It had started to rain and Michael’s view of the Chicago streets became blotched through large drops of rain that clung to the window. He watched several individual globules eventually become so heavy with liquid they started to merge together and suddenly transform into a narrow rivulet running down towards the frame. Michael traced its path with his finger, leaving a slight trail in the almost hidden mist on the inside. He sighed, opened up the green piece of paper and studied the address. He didn’t know the actual street but the area was familiar of course. It was where he had grown up and gone to school, before the illness and death of his mother had meant a constant whistle stop tour of the many foster homes around the city. It had been his world as a child.
The cab turned into a busy road full of small stores and bars and Michael shifted up in his seat. They were mostly new ones with different names and frontages, but occasionally he recognised some of them. The hardware store where his mother had allowed him to choose the paint for his bedroom when he was nine… He’d spent ages wandering down the row of paint cans, experiencing the joy and pain involved in decision-making. He had finally chosen a pale blue that reminded him of the sky behind their apartment on cloudless evenings. However once on the walls it had looked rather more lilac and Lincoln had hounded him mercilessly about his girly purple room for years after. A wry smile escaped his lips briefly at the childhood memory.
The cab turned again and he caught the sign for his Elementary School, pointing down the narrow path leading across the grassy area that he knew led to the small one storey brick building. He saw the small metal fence that acted as a barrier between the path and the road leading to the bus stop. That’s where he had waited each day for Lincoln to collect him and walk him home. His mother had been very specific. He was allowed to walk to the fence by himself, but no further, he wasn’t to cross the road or walk as far as the bus stop. Sometimes he would wait and wait until he was the only person there, and desperate not to look like he’d been ‘forgotten’. Finally Linc would appear at the end of the street, hands in pockets and whistling. Michael would fidget and wave and want to leave the fence to run to his brother but he always heeded his mother’s words. Linc would eventually reach him and playfully run his hands through Michael’s hair, never acknowledging how late he was.

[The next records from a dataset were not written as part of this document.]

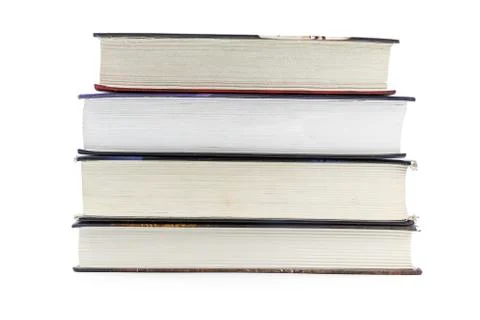 A stack of books lying on a white background Stock Photos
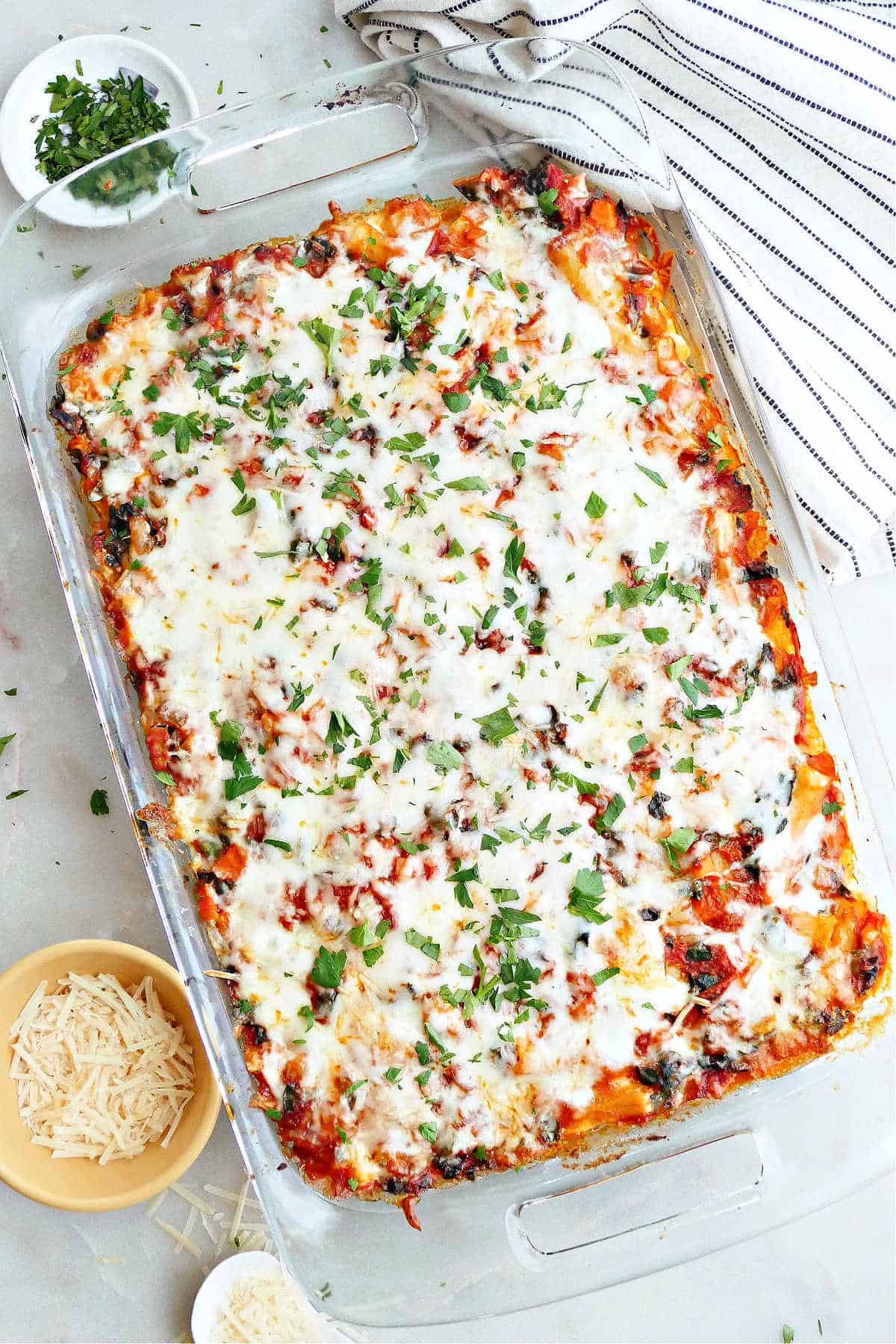 meatless baked ziti topped with fresh parsley in a baking dish on a counter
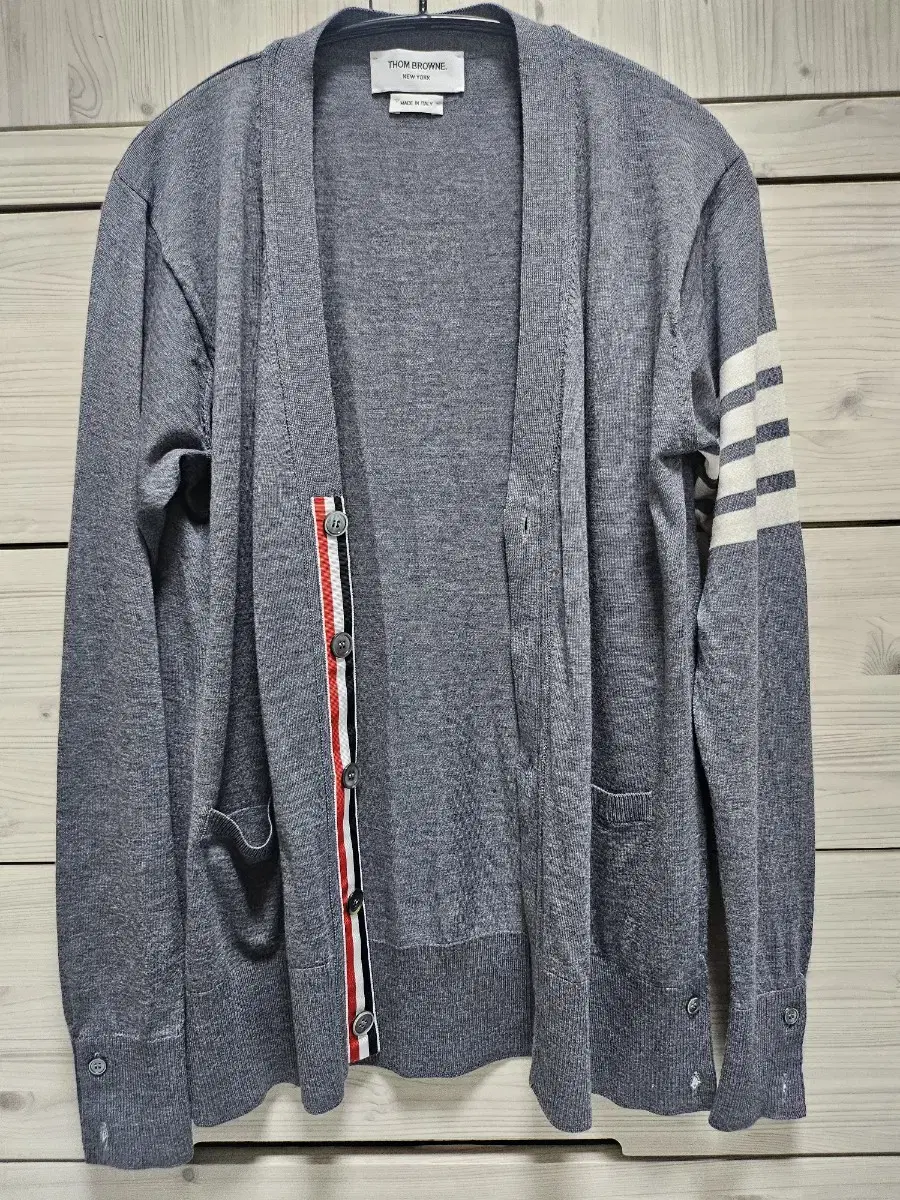 [3] Thom Browne. Merino Wool Cardigan
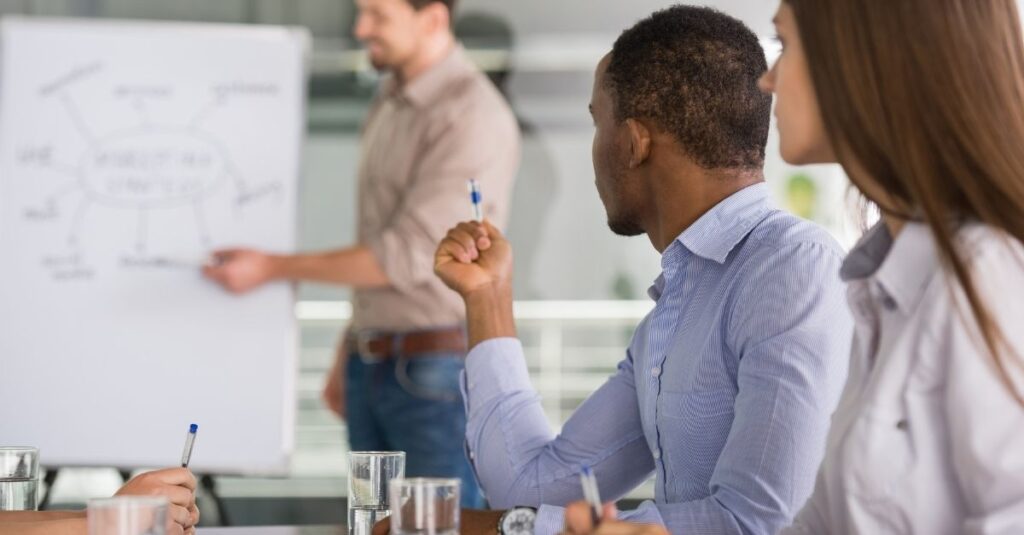 People looking at big notepad in brainstorming meeting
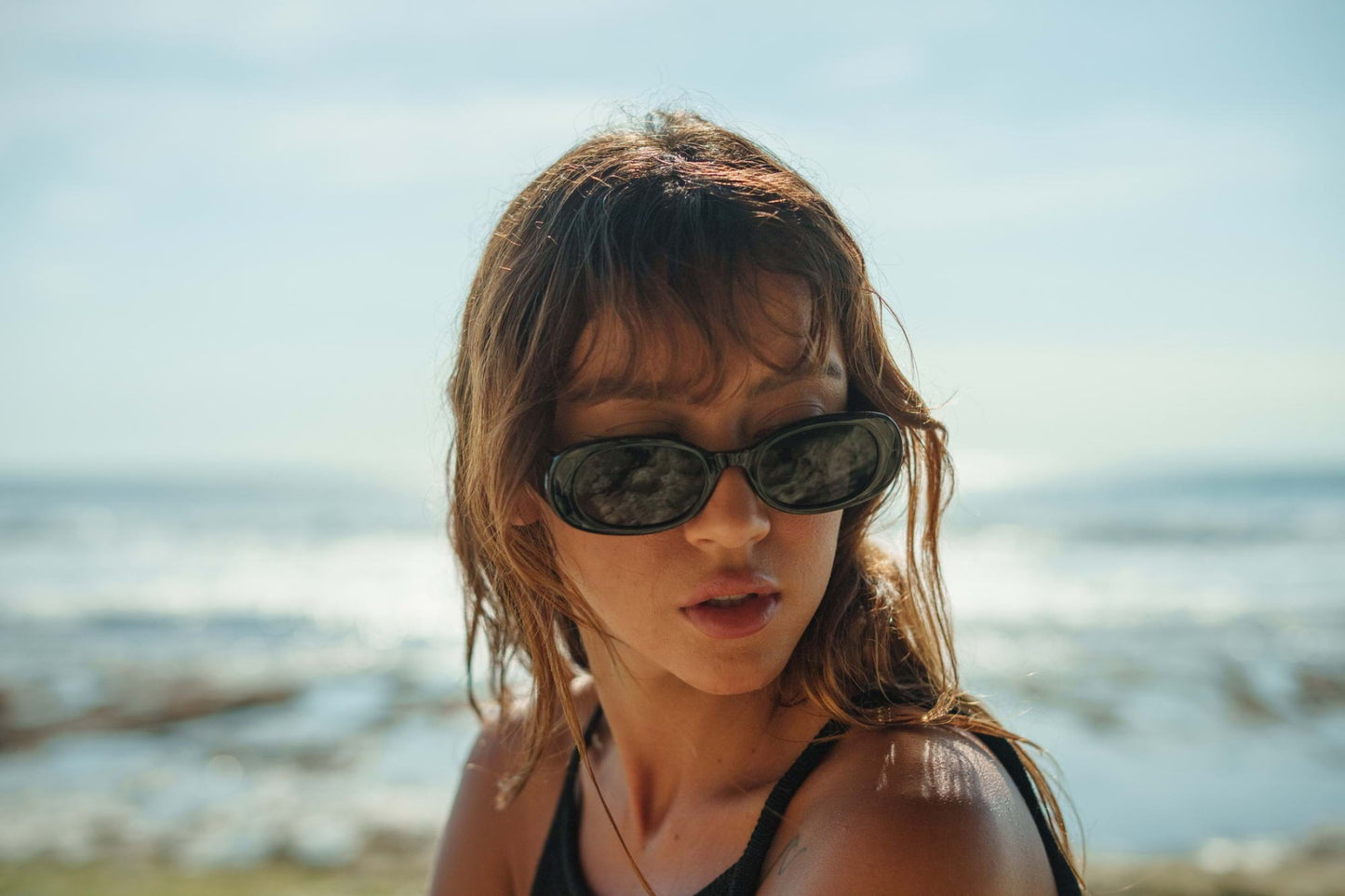 Woman wearing oval trendy sunglasses with black frame and dark smoke UV protection lens – stylish retro round shades for going out and summer holidays, Sunglass Station free UK and Europe shipping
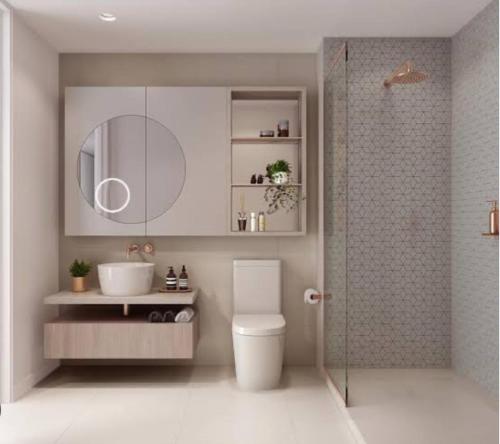 Ένα μπάνιο στο Luxury Beachside Apartment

Michael turned around in the seat to stare at the fence through the back window. It seemed so small, so insignificant now.
The cab moved on through the traffic and into a grid of streets Michael was less familiar with. Then it pulled to a stop outside a small housing project, four storeys high and probably built within the last five years. Michael checked the paper again and climbed out of the cab, reaching across for his bag of belongings.
The cabdriver turned to look at him out of the window and passed him a small chitty to sign. Then, looking Michael over one more time he muttered, “You don’t look the type.”
“Sorry?” Michael responded.
“Statesville, you’re not the normal kinda guy that I pick up from there on this contract.”
Michael shrugged his shoulders and set off towards the building to find the caretaker who apparently had his keys.
Several minutes later he had climbed the three flights of stairs and after a couple of wrong turns down non-descript corridors finally found the right one. He walked slowly down checking the numbers but immediately aware of a man leaning against one of the doors at the end. He counted down the numbers getting closer and closer to the man who had noticed him and was now moving off the door and straightening his jacket. Michael realised several doors away that the man was undoubtedly waiting outside his door. He screwed his forehead up in slight consternation and hiking his paper bag higher in his left arm he came to a stop outside the door beside the man.
“Mr Scofield?”
“Yes.” Michael answered in puzzlement.
“Ah great, I’m Mr Sucarto.” He smiled and seemed to find Michael’s look of confusion amusing. “Your Monitoring officer?”
“Oh!” Michael exclaimed and reached for his hand.
“Shall we go in?”
“Yes of course.” Michael fiddled with the two keys until he found the one that fitted the lock. He pushed the door open and walked quickly across the strange room to place the bag on a small worktop. The man followed him in and it was only then Michael noticed the small laptop bag that must have been over his shoulder all the time.
“Sorry I’m a bit early Mr Scofield, but an earlier appointment was cancelled when the guy was sent back so I just came straight to you.”
Michael nodded silently. Then realising he didn’t really understand murmured “Sent back?”
“To Statesville, readmitted.” Replied Ward.
“Does that happen much?” Asked Michael, suddenly remembering with a shock that he wasn’t actually a free man despite leaving Statesville many miles behind him.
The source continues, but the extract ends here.